→ **AIM OF THE EXERCISE**: In the records below, find the line that contains "In the event" and the line that contains "Hello and welcome"; write out exactly those two lines and everything between them, without the pictures.

→ **EXERCISE MATERIALS**:
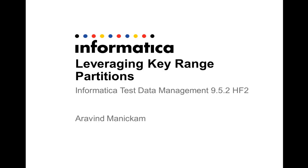Hello everyone, my name is Sarupanth and I work with Informatica support. Today I'll be demonstrating how you can leverage the key range partitions from within Informatica's Test Data Management 9.5.2 HF2. With key range partitions, you'd be able to increase the performance by specifying partitions based on the keys that you have in your system.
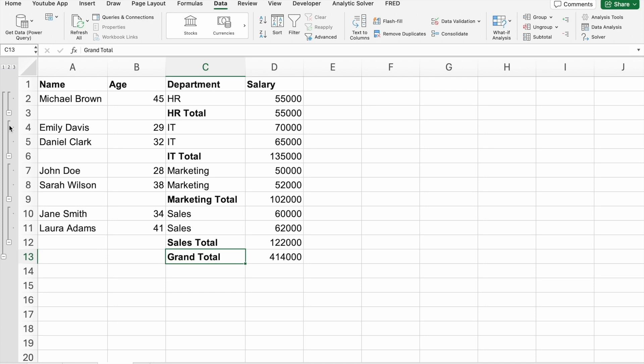And there you have it. Sorting, filtering, and subtotaling in Excel are powerful tools that can help you analyze and make sense of your data more efficiently. Remember, becoming proficient in these skills can significantly boost your productivity and career prospects. Please like, comment, share the video, and subscribe to our channel for more informative videos. Also check out our workshop link in the description. We'll see you there. Thank you.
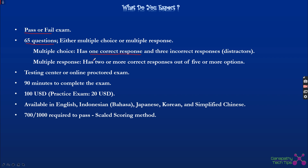The other question type uses checkboxes, meaning you need to select two or more correct responses. They will mention in the question bracket something like 'answer two' or 'answer three,' so you select accordingly. So there are two question types: multiple choice with radio buttons, and multiple response with checkboxes.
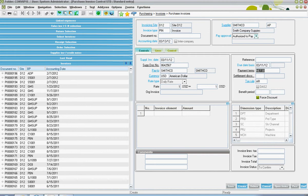In the event that the invoice was in relationship to some type of prepaid expense that should be apportioned over a set number of accounting periods, this benefit period can be used to model that.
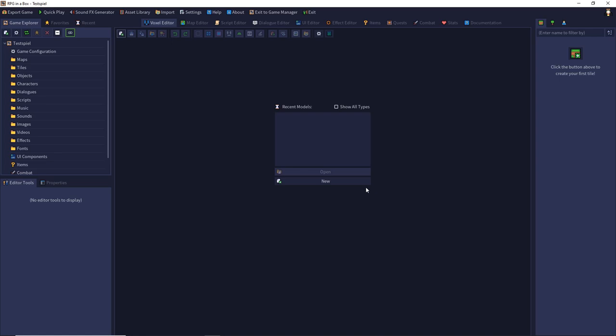Hello and welcome to my video tutorial series RPG in the Box. I am Carsten and in this episode I would like to show you how to create your first character.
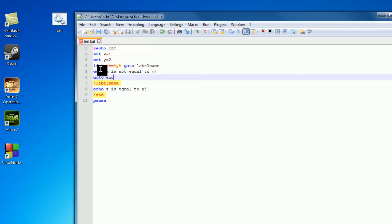So we're going to print out x is not equal to y, then go to end, skip all of this right here, jump to end, and then pause so we can see what we've wrote on the screen.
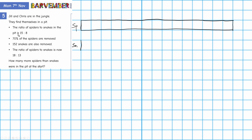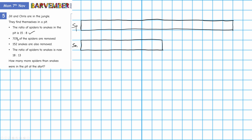And for snakes, what have I got? 8. So: 2, 4, 6, 8. There we go. This represents the situation at the start. Then we're told that 70% of the spiders are removed. Now, obviously it would have been nice and convenient had this been a bar of 10.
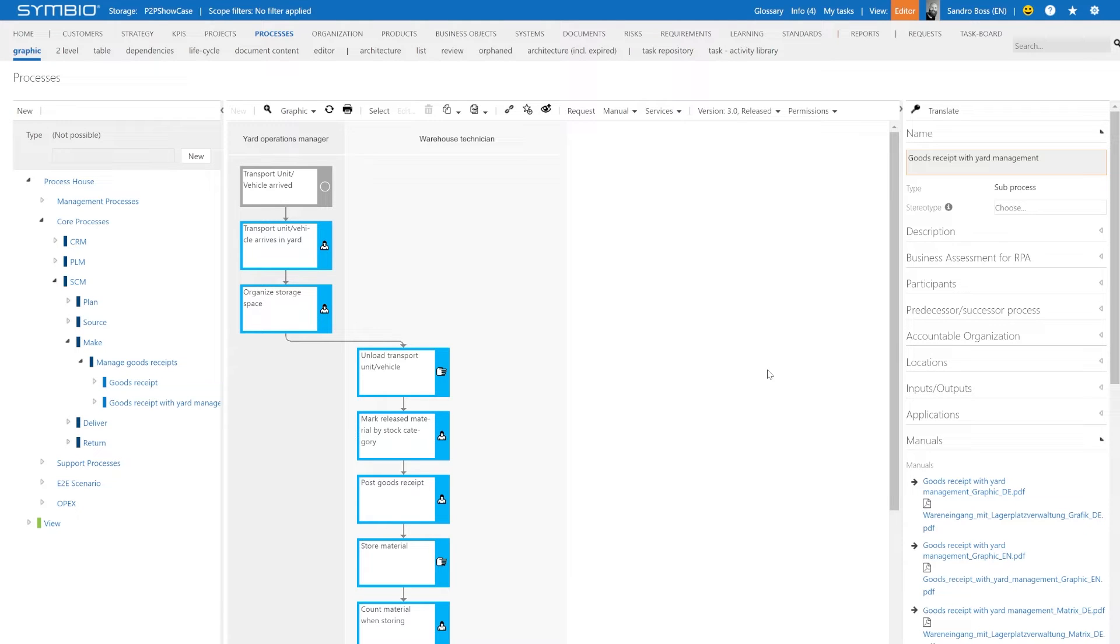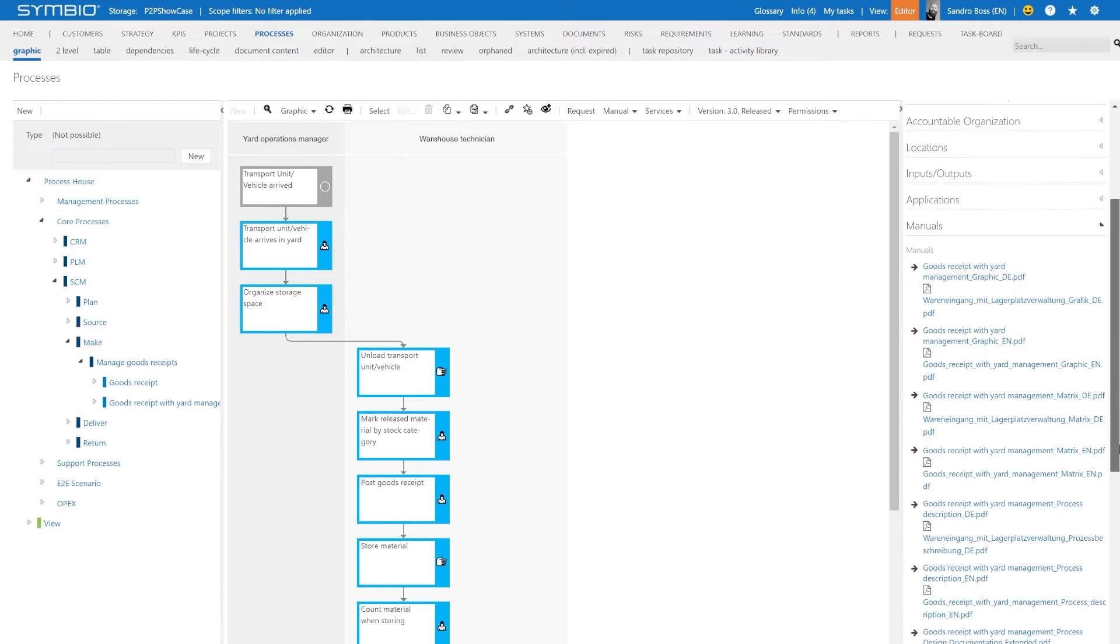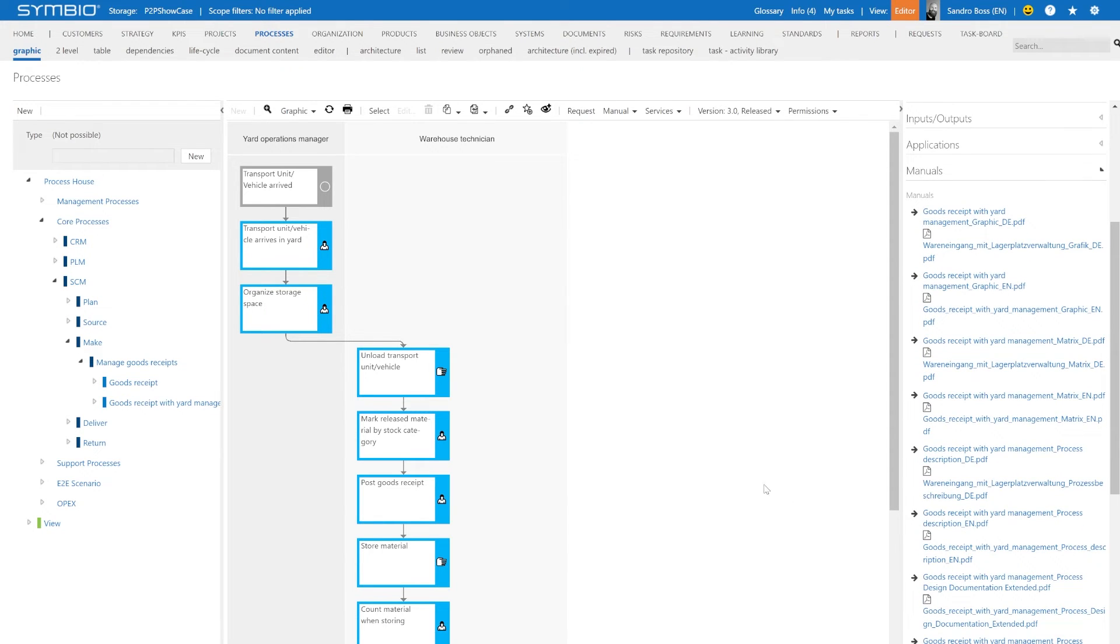Provided you are in the editor mode, you always see automatically generated manuals here on the right in the detail content. In this case, those manuals are in relation to version 3.0, which is in front of us at the moment.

→ **COMPLETED TASK**:
In the event that the invoice was in relationship to some type of prepaid expense that should be apportioned over a set number of accounting periods, this benefit period can be used to model that.
Hello and welcome to my video tutorial series RPG in the Box. I am Carsten and in this episode I would like to show you how to create your first character.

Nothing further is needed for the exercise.